07 August 2023

The Society of Construction Law recently hosted a conference in Bristol to discuss the Building Safety Act 2022 (the “BSA”). The conference considered various aspects of the BSA and developing trends in building safety as the provisions of the BSA bed in and become more familiar to those with an interest in the Built Environment Sector. One particular topic, addressed by Fiona Parkin KC, was the application of the various new remedies created by the BSA that enable an interested party to pursue alternative means of redress for the rectification of building safety defects in a building. These remedies include:

  • Remediation Orders (s.123 BSA);
  • Remediation Contribution Orders (s.124 BSA); and
  • Building Liability Orders (s.130 BSA).
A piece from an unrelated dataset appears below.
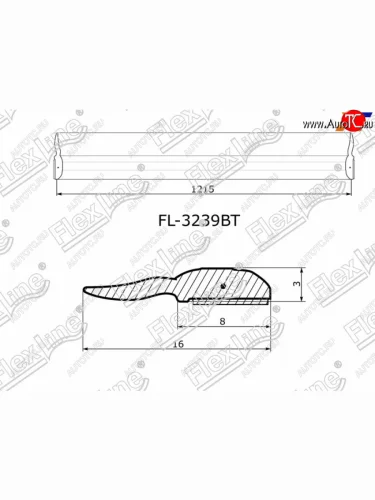 Молдинг лобового стекла (Сверху) FLEXLINE Hyundai Sonata YF (2009-2014)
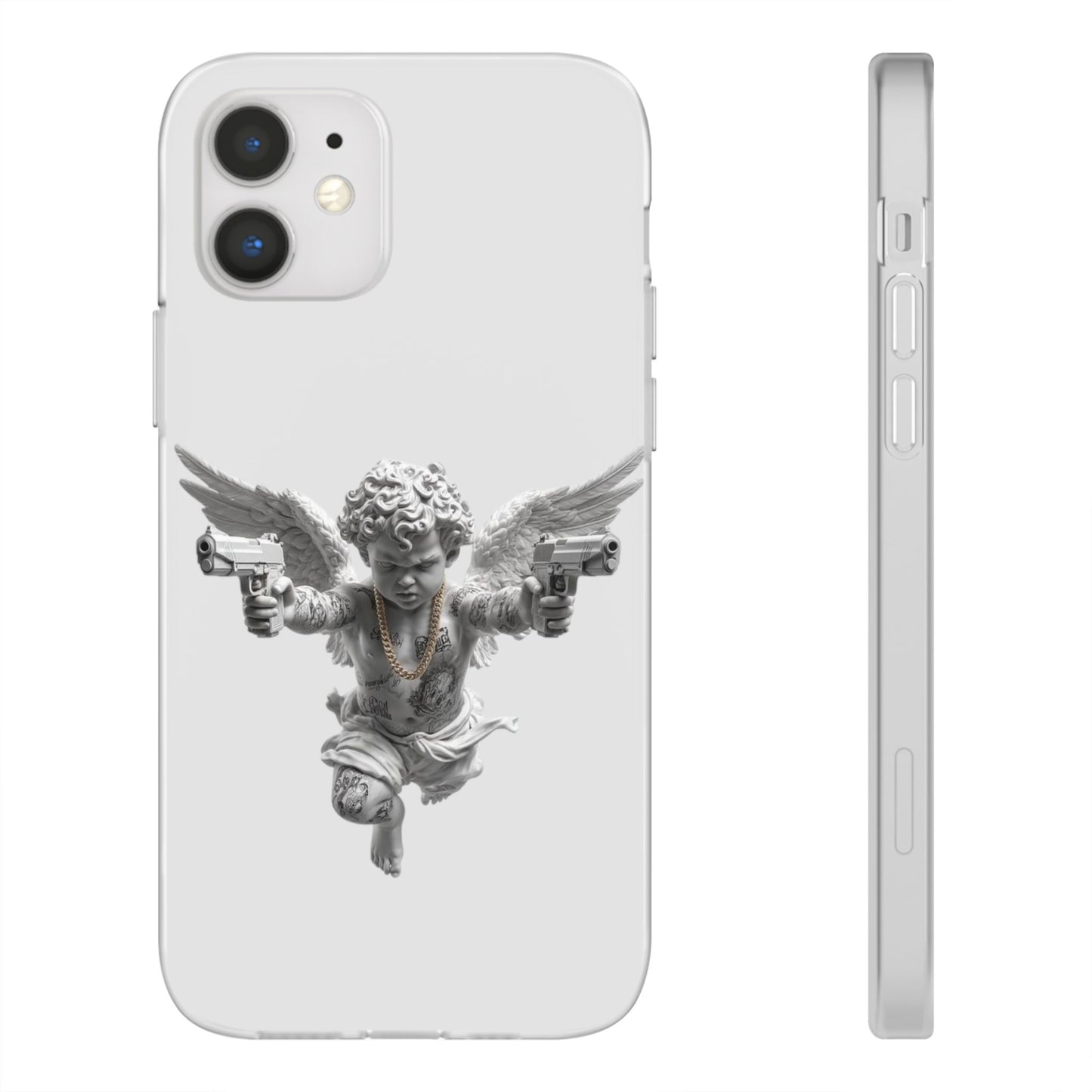 Cherub with Guns Phone Case — Edgy Angel iPhone Case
The scope and the potential consequences of these remedies are discussed below. 

Remediation Orders

Where a relevant defect is present in a relevant building, an interested person (including the Building Safety Regulator, local authorities, fire and rescue authorities and any other person or entity with a legal or equitable interest in the relevant building or any part of it) may apply to the First Tier Tribunal (“FTT”) for a Remediation Order (“RO”). If granted by the FFT, the effect of an RO is to require the landlord responsible for the repair and/or maintenance of the relevant building (or any part thereof) to remedy the relevant defect. For the purposes of an RO:

  • Relevant building means, subject to some limited exceptions, a detached building, or a self-contained part of a building, that contains at least two dwellings and is at least 5 storeys or 11 metres high.
  • Relevant defect means “a defect… that (a) arises as a result of anything done (or not done) or anything used (or not used), in connection with the relevant works, and (b) causes a building safety risk”. The reference to “anything done (or not done)” includes the provision of professional services.
  • Building safety risk means “a risk to the safety of people in or about the building arising from (a) the spread of fire, or (b) the collapse of the building or any part of it”.
  • Relevant works include (i) works relating to the construction or conversion of the building, if the construction or conversion was completed in the 30 years prior to 28 June 2022; (ii) works undertaken or commissioned by or on behalf of a relevant landlord or management company, if the works were completed in the 30 years prior to 28 June 2022; and (c) works undertaken after 28 June 2022 to remedy a relevant defect.

The provisions of the BSA grant the FFT broad powers to grant an RO in favour of an interested person requiring the landlord of a relevant building to remedy a defect where that defect gives rise to a building safety risk. The procedures of the FFT are less restrictive than the courts and it remains to be seen how enthusiastically the FFT will embrace its new powers and what level of evidence will be required to establish the presence of both a defect and a building safety risk. The first hearing for an RO in the FTT was listed for July 2023, so we should shortly have a better understanding as to how the FFT will approach the application of this remedy and the potential implications for leaseholders and landlords of relevant buildings.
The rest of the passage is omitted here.